キリバス共和国のアノテ・トン大統領は「小さな島しょ国にとって水不足が深刻な問題となっている。気候変動による海面上昇で、地下水の淡水資源の水質を保っていくのがむずかしくなっている」と報告。パラオ共和国のトミー・エサン・エメンゲナウ大統領は、淡水資源を保護するための森林保全プログラムなどのとりくみを紹介しながら、アジア・太平洋地域で約六億五千万人が安全で衛生的な水をえることができず、気候変動による海面上昇で農地や井戸が海水で汚染されている」と発言しました。
ナウル共和国のルドウィク・スコティ大統領は「水道施設はあるが、国内に水の貯蔵設備が無く、貯水システムが重要になっている。ことしきびしいかんばつに襲われ、気候変動に適応していかなければならないが、能力が限られている」と懸念を表明しました。

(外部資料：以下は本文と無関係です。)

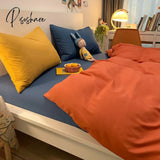 Pisoshare Bedding Linen Washed Cotton Four Piece Set Solid Color Mix And Match Household Bed Sheets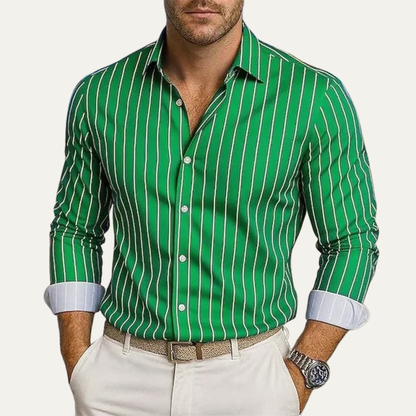 Men's Striped Dress Shirt Button Down Cotton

ニウエのミティタイアギメネ・ヤング・ビビアン首相は「気候変動による海面上昇で塩水が地下水に浸入している。サンゴ礁の島が水没する脅威を実感している。京都議定書を批准していない国は早く批准してほしい。唯一の手段が京都議定書だから」とよびかけました。
また、キルギス、タジキスタンなど中央アジアからは、気候変動による氷河の後退、氷河湖の決壊、かんばつによるアラル海の消失などの危機や河川隣接国間の水資源管理問題が報告されました。